Dava, eser sözleşmesinden kaynaklanan alacağın tahsili için yapılan icra takibine vaki itirazın iptali istemine ilişkin olup, mahkemece davanın kabulüne dair verilen karara karşı davalı vekilince istinaf kanun yoluna başvurulmuştur.
İnceleme, 6100 sayılı Hukuk Muhakemeleri Kanunu’nun 355. maddesi hükmü uyarınca istinaf dilekçesinde belirtilen sebeplerle sınırlı olarak ve kamu düzenine aykırı hususların olup olmadığı gözetilerek yapılmıştır.
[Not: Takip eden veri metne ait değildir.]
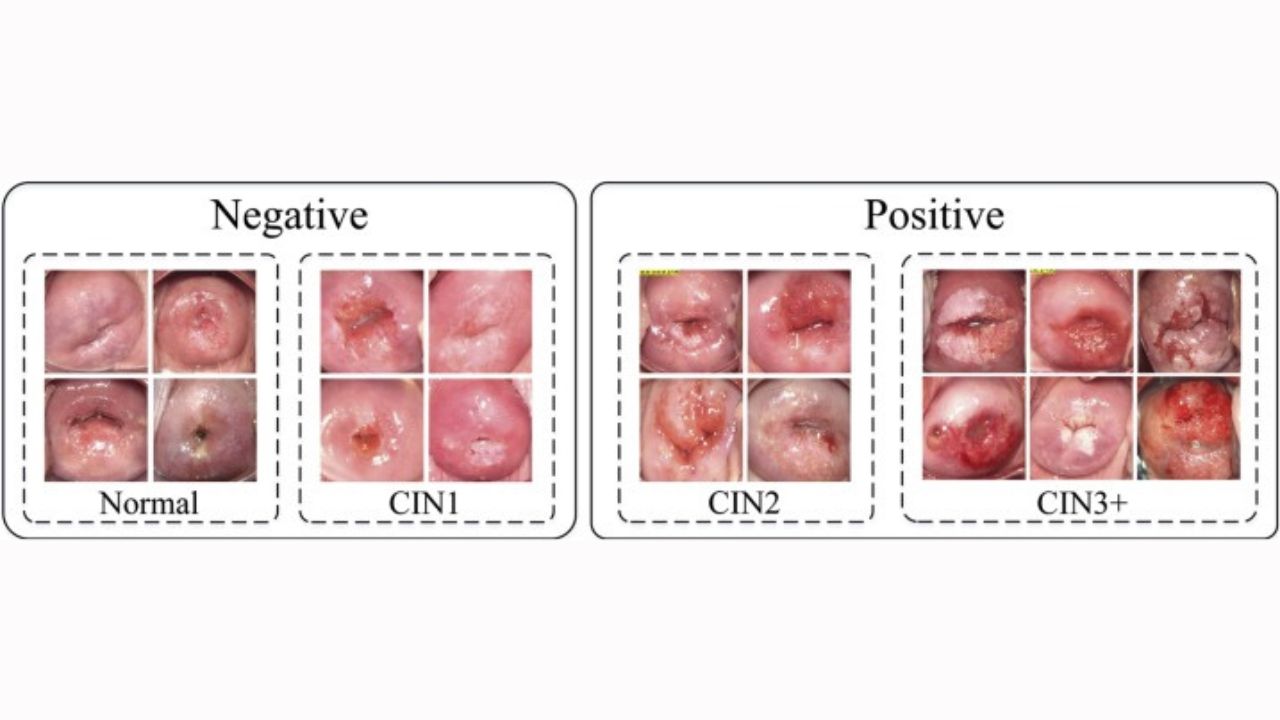 Cách Điều Trị CIN 3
Mahkemece, dosya kapsamındaki bilgi, belge ve toplanan deliller değerlendirilerek yasal düzenlemelere uygun ve isabetli gerekçeyle karar verilmiş olduğu, ileri sürülen istinaf sebepleri dikkate alındığında mahkeme kararında usul ve esas yönünden yasaya aykırılık bulunmadığı anlaşılmakla davalı vekilinin istinaf başvurusunun esastan reddine karar verilmiştir.
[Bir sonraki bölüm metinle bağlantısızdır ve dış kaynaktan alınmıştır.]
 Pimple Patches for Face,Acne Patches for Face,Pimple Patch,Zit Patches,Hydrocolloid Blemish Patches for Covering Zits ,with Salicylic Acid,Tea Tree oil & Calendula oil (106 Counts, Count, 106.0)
HÜKÜM: Yukarıda açıklanan nedenlerle;

1-)Davalı vekilinin istinaf başvurusunun HMK’nun 353/1-b.1 maddesi gereğince esastan reddine,

2-)Harçlar Kanunu gereğince alınması gereken 15.202,44 TL karar ve ilam harcından peşin alınan 3.800,61 TL harcın mahsubu ile bakiye 11.401,83 TL harcın davalıdan alınarak Hazine’ye irat kaydına,
3-)İstinaf başvurusu nedeniyle davalı tarafından yatırılan istinaf kanun yoluna başvurma harcı ile yapılan yargılama giderlerinin kendi üzerinde bırakılmasına,
Dosya üzerinde yapılan inceleme sonucunda HMK’nın 361. maddesi gereğince kararın taraflara tebliği tarihinden itibaren 2 hafta içinde Yargıtay’da TEMYİZ yolu açık olmak üzere 10/02/2022 tarihinde oybirliği ile karar verildi.